Tableau. Visualization vendor Tableau had a sizable booth at Partners, reflecting its rising star status. Tableau is a Windows desktop tool that is easy to install, easy to use, and affordable (less than $1,000 for a single user). It makes it easy for users to explore data visually and publish live views to a server environment ($10,000+) for others to consume. It works well with new analytic appliances because it queries remote databases, and its recently added in-memory database can cache frequently used data sets to improve performance.

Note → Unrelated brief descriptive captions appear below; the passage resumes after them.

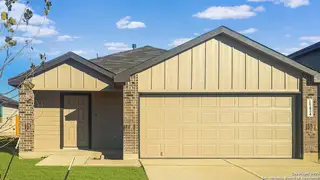 New construction Single-Family house 15434 Lemon Pepper Crk, Von Ormy, TX 78073 plan The Caprock - image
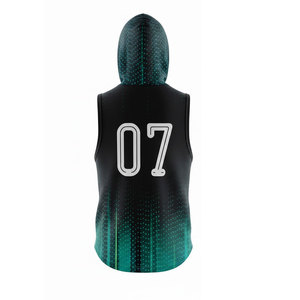 Nouvelle conception d'uniforme athlétique 7v7, tissu léger et respirant, parfait pour les entraînements et les matchs de football - Product Image 4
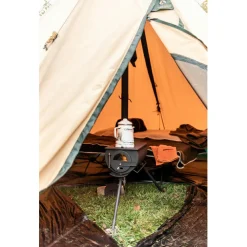 Petromax - Loki2 Campingkocher und Zeltofen - Trockenbrennstoffkocher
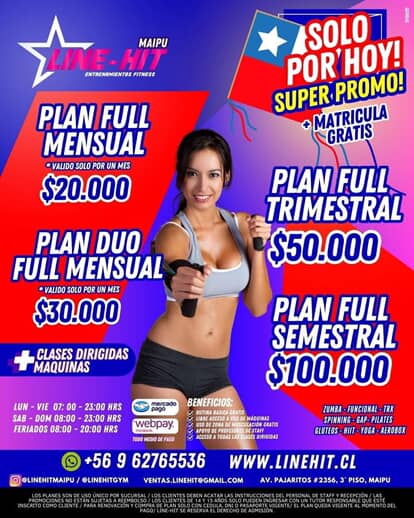 Gimnasio Line Hit Maipú
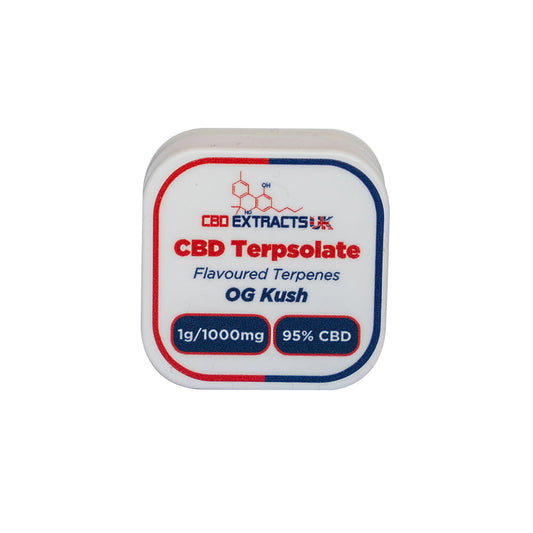 Flavoured CBD Terpsolate with CBG - 0% THC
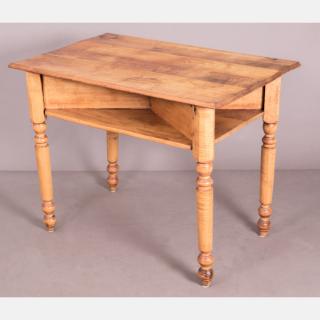 Appraisal: An American Maple Table th Century An American Maple Table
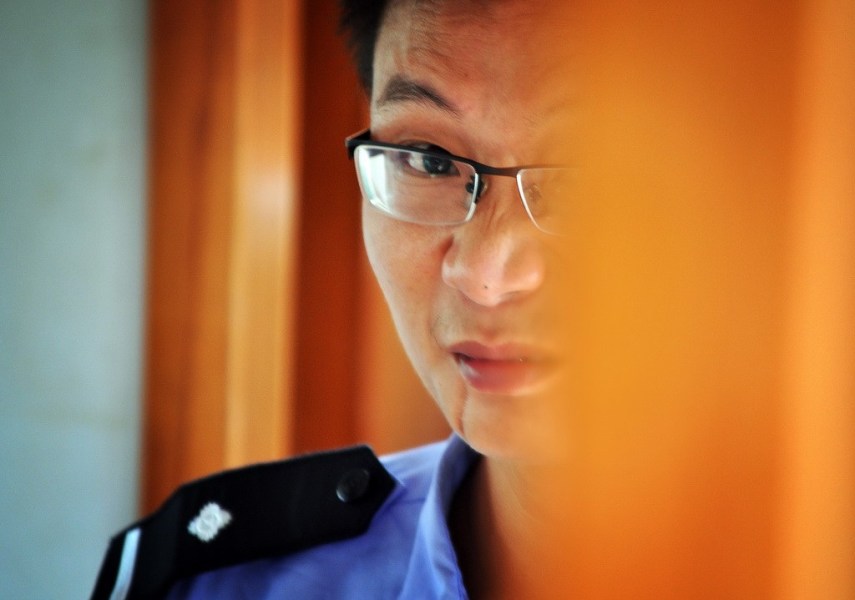 捞尸水警图片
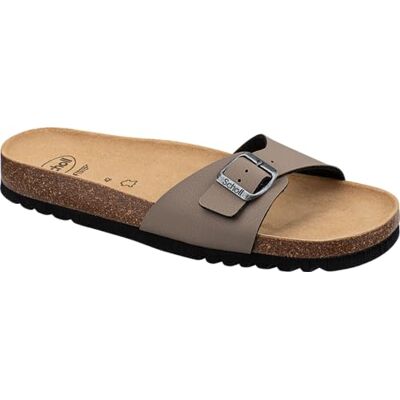 Dr. Scholl's Simon Men's Sandal, Taupe, 6 UK Dr. Scholl's Simon Men's Sandal, Taupe, 6 UK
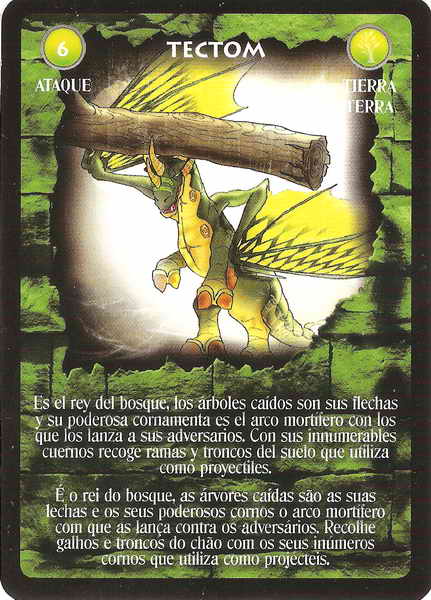 TECTOM (sticker card)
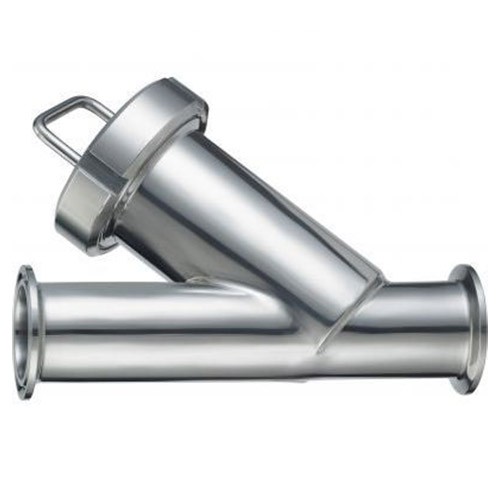 Sanitary Stainless Steel Y-type Filter Housing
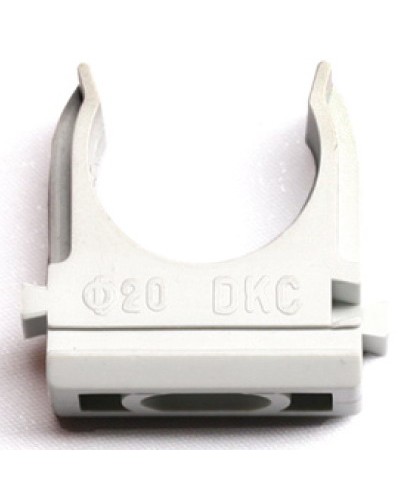 Держатель с защелкой, д.40 мм DKC 51040 в Оренбурге Держатели, клипсы, скобы Pintop.ru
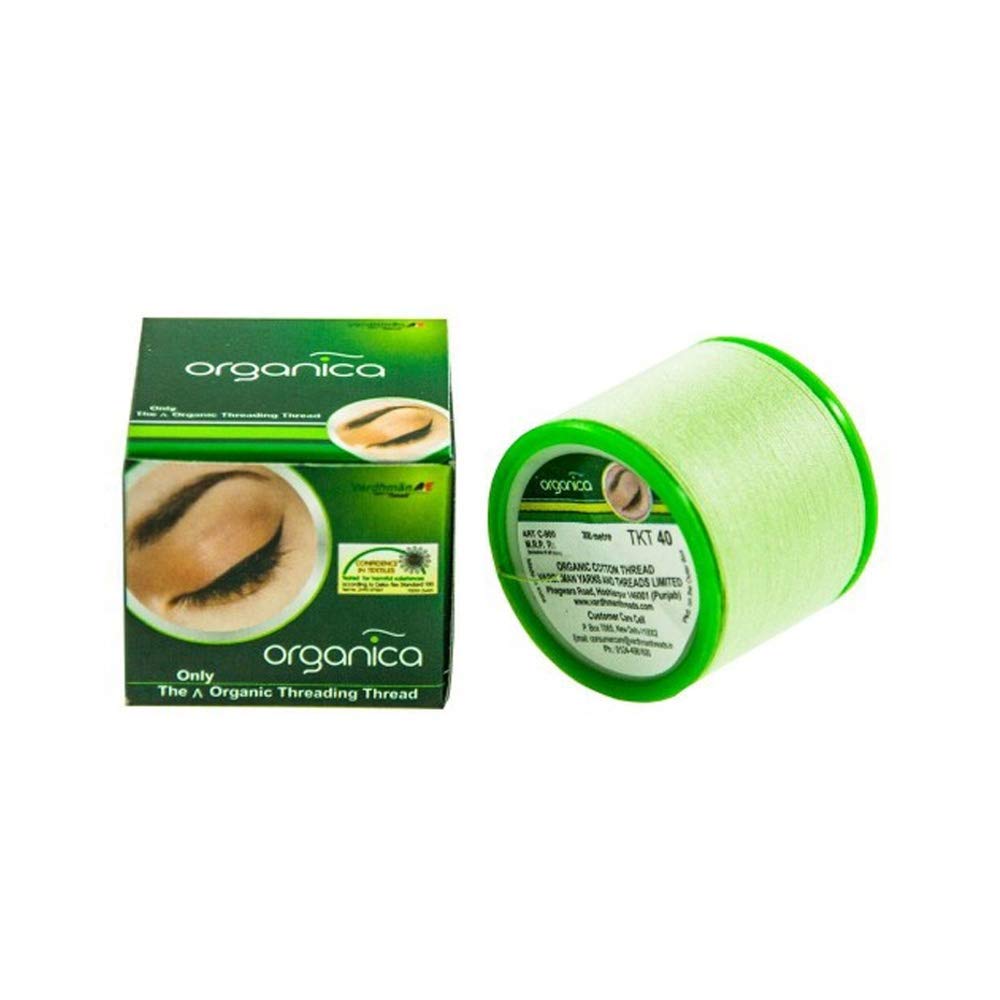 Two-spool Organica packaging showcases 300 m total length.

BIS2. Also exhibiting was BIS2, an up-and-coming visualization vendor, that takes a different approach to the graphical display quantitative information than Tableau. BIS2 is a server-based environment that generates complex SQL against large, complex relational databases to render what it calls “super graphics.” These are rich, multi-layered visualizations often displayed as heatmaps. Unlike the desktop-oriented Tableau, BIS2 is an enterprise visualization platform that can be embedded in other applications. Today, most of the world’s airlines use BIS2.

Managed Excel

I bumped into Donald Farmer of Microsoft, Suzanne Hoffman of Simba, and Sam Tawfik of Teradata within about 30 minutes of each other, and they all had the same message: Excel now runs directly against major databases without a mid-tier. Microsoft’s PowerPivot queries remote data sources to populate a scalable, local column store, whereas Teradata’s newly launched and misnamed Teradata OLAP enables Excel to query Teradata using MDX running against Aggregate Join Indexes (a virtual cube.) Bravo Teradata for getting out in front of the new charge to make Excel a managed BI environment. Of course, other vendors have already jumped on that bandwagon, including, including Lyzasoft, Quest (Toad), and startup Bonavista Systems (which makes Excel look like Tableau.) Others that will soon join the parade are SAP with its BEx replacement called Pioneer and IBM Cognos with desktop product in the labs.

Farmer spooked me a bit when he said one customer in Europe has deployed 100,000 copies of PowerPivot. I’ve assumed PowerPivot would be sparsely deployed since it’s an Excel add-in designed for hard core data jockeys. But Microsoft thinks otherwise: Donald reminded me that PowerPivot is free and that it will soon be included in trial versions of Microsoft Office to improve the product’s visibility outside of BI professionals, who are the product’s biggest champions currently. When I voiced concern about spreadmart proliferation among PowerPivot users, he said the big gating factor is the 10MB limit for attachments imposed by most email servers. Whew! He also said Microsoft is trying to make SharePoint so attractive as a collaboration platform that it becomes the preferred method for sharing PowerPivot data. We’ll see!

Mobile

MicroStrategy. I talked briefly with MicroStrategy’s lead man, Sanju Bansal on the show floor, and attended the company’s Tuesday evening session on mobile BI. I told Sanju that I admired MicroStrategy’s “make or break” bet on mobile BI, and its first mover advantage. I added that if the bet succeeds, MicroStrategy could be a very different company in five years, selling information-driven apps and development platforms into a consumer market. Sanju corrected some of my conjectures. He said the bet on mobile was a “make” play only and the target market for its mobile products will be business customers, not consumers.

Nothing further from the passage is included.